All things being equal the fad will last anything from a month to half a year.  This fact now gives me some piece of mind because I know I’m not going to having this drive to make bread at stupid hours of the day forever.  The down side is that I genuinely enjoy it.  The bread tastes good and it a lot more cost effective that shop bought bread.  My rye sour is now nearly a month old.

This one fad I’m gonna try to keep going.

Pro-stability / change resistant

Being change resistant is often touted as bad thing.  Those who are, are seen as stick-in-the-muds, immovable, a problem that prevents progress.  I prefer to see my self as pro-stability.  From where I stand, changes made too suddenly without proper forethought run the risk of bad implementation, sometimes in a small way, sometimes in a large way.

Being pro-stability doesn’t negate change.  For me, it just means that I like to consider all the risks options before I take the plunge.  There have been times when even the sudden move of a cupboard from one room to another was enough to give a panic attack which locked me up for hours. A recent achievement has been to help plan the re-organisation of the furniture in the lounge, including moving the sacred server.  I’d spent ages looking at the cupboards, tables, computers etc. making the plans, working out the angles – and then one day – wham.  I started moving things around and it’s working out really well.

The planning phase has taken about half a year though.  Mother duck’s skill is she can make this jump a lot quicker than me.  You’ve no idea how this tests Mother Duck’s patience.
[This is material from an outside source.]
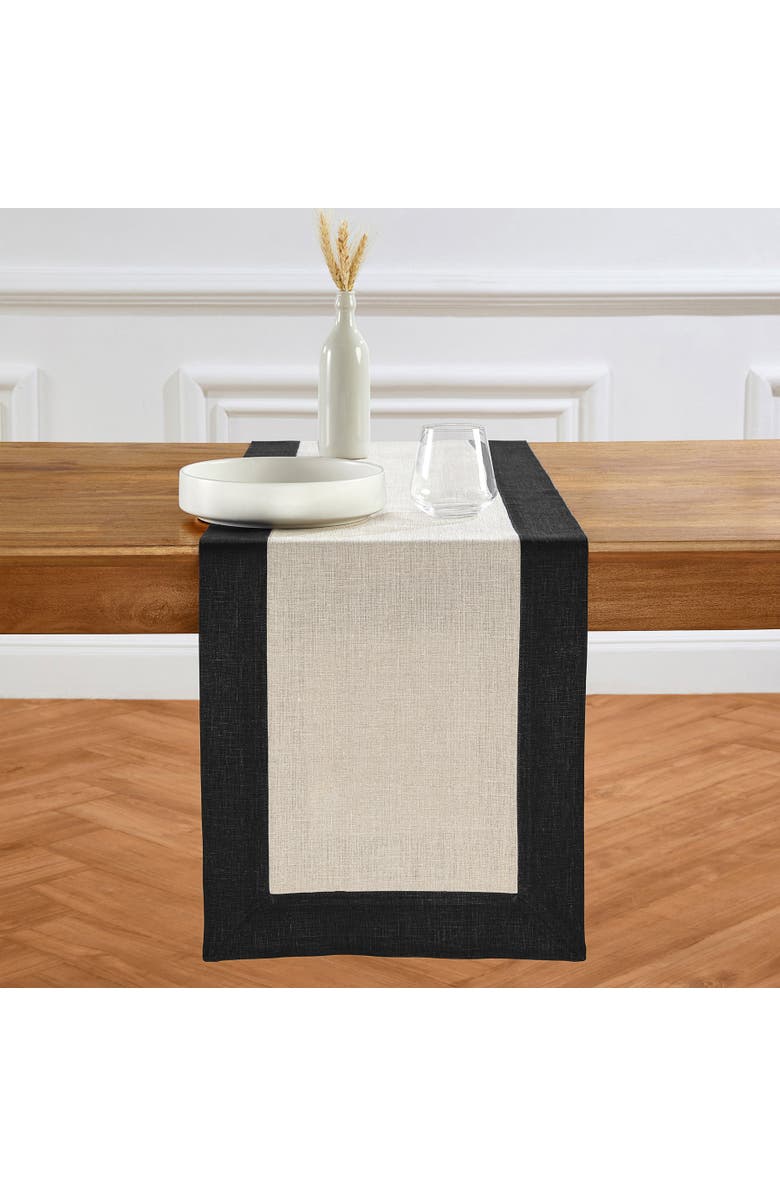 Solino Home Linen Table Runner for Dining Table, Holiday and Everyday Table Decor - Contempo, Main, color, Black And Natural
On the flip side, being pro-stability I can sometimes temper her impulsiveness.

Another achievement at a professional level was single handedly moving our teams national file server between sites as part of reorganisation,  I had plenty of forewarning, and was able to contact the various network teams in plenty of time to arrange new IP address.  The planned change went through on time, with the service only suffering 1 hour of inaccessibility.
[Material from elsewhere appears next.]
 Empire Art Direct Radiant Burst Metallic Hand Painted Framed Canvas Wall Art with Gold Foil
Social interaction preferences

“I like people, but I couldn’t eat a whole one.”

As with others who share my brain wiring, I have a preference for being with familiar people.  This is linked a little to the previous section on being pro-stability.  Meeting new people involves a small degree of change.  Mother duck thrives in these situations.  She enjoys meeting new people, making connections and sharing stories.  I do too to a certain extent, but where she can do this en masse, I prefer to do this on small scale.

One of my biggest challenges, something that is shared with people with A.S., is parsing the amount of social and emotional information that happens between people.  There is a tendency to process this information more literally than it is intended, meaning that often jokes will pass by barely noticed.  Reading between the lines is hard enough, at least for me, at the best of times – in a busy social situation a general response I might employ is to smile, nod , take a sip of my drink and hope that I didn’t just agree to sell a kidney.

The more people in the group, the more information to process which on occasion becomes overwhelming.  To a certain extent this why during a large party you’ll find me in the kitchen.  It’s a place that holds only a small number of people and has a fairly standard set of social rules.

It’s life Jim, but not as we know it*.

With my particular skill set,  I’ve managed to get a nice quiet job in IT by the mere fact of being able to suck in enough information to transition in from being a daycare teacher.  I keep the car running thanks to being bought Lego and Mechano as a kid, and as the family keep telling me, “There’s nothing you can’t fix.”.  After becoming more familiar with A.S., I see the A.S. moments and can smile at the private joke I share with myself.